From “Burger Wars,” an episode of Judge Dredd withheld by lawyers for decades.

  • The French artist Sophie Calle’s Suite Vénitienne, first published in 1983, is back in print. If you or I made a book about stalking and photographing a complete stranger, we would be cast out of our communities; when Sophie Calle makes one, it’s a minor masterwork. In 1980, she saw a man on the street and tried to photograph him—he eluded her. That night, she ran into him at a party. His name was Henri B., and he told her he was going to Venice. She decided to go, too. In Suite Vénetienne, “Calle spends thirteen days looking for and trailing Henri B. around the city … at last, she finds [him]—he’s been staying in a pensione a hundred meters from her own. She stands outside his hotel and watches as he comes and goes … The strength of the project comes from the interplay between Calle’s physical pursuit and her emotional remove. Calle doesn’t care for Henri B … Yet proximity to her subject seems to create a kind of attachment. Calle dreams of Henri B., he ‘consumes’ her. She has high expectations of their encounters, then worries about displeasing him. They meet. She frets it was banal. She tries to rent his former hotel room. She envisions herself sleeping in his bed.”
  • Beneath the chapel in St. Leonard’s Church in Worcestershire is a single skull, just one, lonely skull. Scuttlebutt has it that someone stole this little guy from Shakespeare’s tomb back in the eighteenth century. But we may never know if this skull is Shakespeare’s. And I don’t mean that rhetorically—we will actually probably never know, because the Church of England doesn’t want any DNA testing on the skull. In a seven-thousand word statement, some stuffed-shirt barrister guy “sided with prominent Shakespeare scholars who have rubbished the claims and concluded they read ‘like a piece of Gothic fiction’ … He said he had seen ‘no scholarly or other evidence that comes anywhere near providing any support for the truth of the story” and that there was “nothing whatsoever to link it to William Shakespeare.’”
  • Later today we’ll share some exciting news about Lydia Davis. But first, in the name of public service, some not-so-exciting news. A copy of Davis’s Collected Stories—a copy from the NYU Library, no less—has gone missing. It was last spotted in North Brooklyn, outside Tony’s Pizza at Dekalb and Knickerbocker, near the B38 bus stop. Have you seen this book? Its cover is handsome, its spine thick, its borrower concerned.

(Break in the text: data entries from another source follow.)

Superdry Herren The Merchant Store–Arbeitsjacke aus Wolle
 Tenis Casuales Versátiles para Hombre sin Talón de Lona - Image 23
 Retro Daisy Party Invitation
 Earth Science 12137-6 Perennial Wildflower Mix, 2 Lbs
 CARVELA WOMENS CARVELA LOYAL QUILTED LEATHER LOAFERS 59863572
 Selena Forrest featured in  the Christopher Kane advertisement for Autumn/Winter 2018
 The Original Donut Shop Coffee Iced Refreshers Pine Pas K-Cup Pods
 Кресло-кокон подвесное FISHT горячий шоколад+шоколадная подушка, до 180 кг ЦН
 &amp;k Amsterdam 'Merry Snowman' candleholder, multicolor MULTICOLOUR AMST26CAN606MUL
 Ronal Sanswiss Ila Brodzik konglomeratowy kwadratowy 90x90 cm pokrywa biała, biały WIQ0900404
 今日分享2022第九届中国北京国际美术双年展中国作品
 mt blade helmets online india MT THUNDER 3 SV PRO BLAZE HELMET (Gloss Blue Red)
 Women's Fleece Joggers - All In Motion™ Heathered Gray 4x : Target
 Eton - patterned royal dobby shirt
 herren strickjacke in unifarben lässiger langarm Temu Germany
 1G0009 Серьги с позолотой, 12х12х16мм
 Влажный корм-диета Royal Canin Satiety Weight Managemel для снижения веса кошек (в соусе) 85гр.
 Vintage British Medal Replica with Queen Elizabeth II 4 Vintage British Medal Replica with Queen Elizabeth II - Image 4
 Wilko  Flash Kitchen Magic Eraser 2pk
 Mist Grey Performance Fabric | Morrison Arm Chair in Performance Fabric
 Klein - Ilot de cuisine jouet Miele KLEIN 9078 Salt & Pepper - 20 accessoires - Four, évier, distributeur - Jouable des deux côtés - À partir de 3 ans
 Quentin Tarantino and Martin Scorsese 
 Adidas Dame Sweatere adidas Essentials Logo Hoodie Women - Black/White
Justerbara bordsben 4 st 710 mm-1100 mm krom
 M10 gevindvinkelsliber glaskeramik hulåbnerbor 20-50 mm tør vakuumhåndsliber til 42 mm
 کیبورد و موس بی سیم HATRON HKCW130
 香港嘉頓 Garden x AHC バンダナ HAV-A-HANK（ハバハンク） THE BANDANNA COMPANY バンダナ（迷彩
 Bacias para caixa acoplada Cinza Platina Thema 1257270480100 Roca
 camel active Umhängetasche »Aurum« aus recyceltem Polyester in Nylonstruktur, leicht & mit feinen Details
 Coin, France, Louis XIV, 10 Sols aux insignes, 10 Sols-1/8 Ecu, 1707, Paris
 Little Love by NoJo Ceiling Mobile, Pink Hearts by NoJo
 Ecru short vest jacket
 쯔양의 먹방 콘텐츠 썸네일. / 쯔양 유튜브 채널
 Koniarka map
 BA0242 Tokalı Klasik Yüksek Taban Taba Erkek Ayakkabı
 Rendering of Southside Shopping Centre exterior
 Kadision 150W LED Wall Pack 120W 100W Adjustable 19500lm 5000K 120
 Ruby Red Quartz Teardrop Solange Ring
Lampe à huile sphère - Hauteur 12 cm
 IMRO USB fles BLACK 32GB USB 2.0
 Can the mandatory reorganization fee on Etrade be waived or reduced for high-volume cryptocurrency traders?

  • Today in comic-book news you didn’t know you cared about: two parodic, dystopian episodes of Judge Dredd are back in print. The comics, from 1978, depict a postnuclear America in which commercial culture has run amok, and they made lawyers squeamish: “In Burger Wars, Dredd finds a devastated middle America in thrall to the warring Burger Lords, modeled on Ronald McDonald and Burger King’s eponymous monarch, who capture the heroes and force them to live on burgers and shakes. In Soul Food, a Dr. Moreau–style genetic engineer living in the blasted wasteland has created mutated creatures based on mascots of American retail culture including the Jolly Green Giant and Michelin’s tire-man Bibendum … Ben Smith, head of books and comic books at Rebellion Publishing, said: ‘The most common question we have been asked at conventions over the years is “Will you be reprinting Burger Wars?” It’s a delight, and frankly a relief, to be able to finally say, Yes!’ ”
  • Frederick Wiseman’s new documentary, In Jackson Heights, is (really!) a riveting three-hour testament to a neighborhood’s civic life. “What Wiseman found in Jackson Heights is people talking, mainly in organized, formalized settings that have their pretext and their agenda defined. He finds civic life taking place in public and quasi-public places—houses of worship, stores, storefront offices of non-profit community organizations, and local governmental offices … The discussions that he films involve such matters as fair labor practices, gentrification, the legal ramifications of urban gardening, the push for change in traffic-safety regulations, school redistricting, police harassment of gay and transgender bar patrons, fear of deportation, citizenship-test study, and the laws and norms to pass a taxi-driver test. In other words, the movie is about the very stuff of life … The problems that Wiseman finds are local, practical, intimate, but the emotions that he films are grand and tragic.”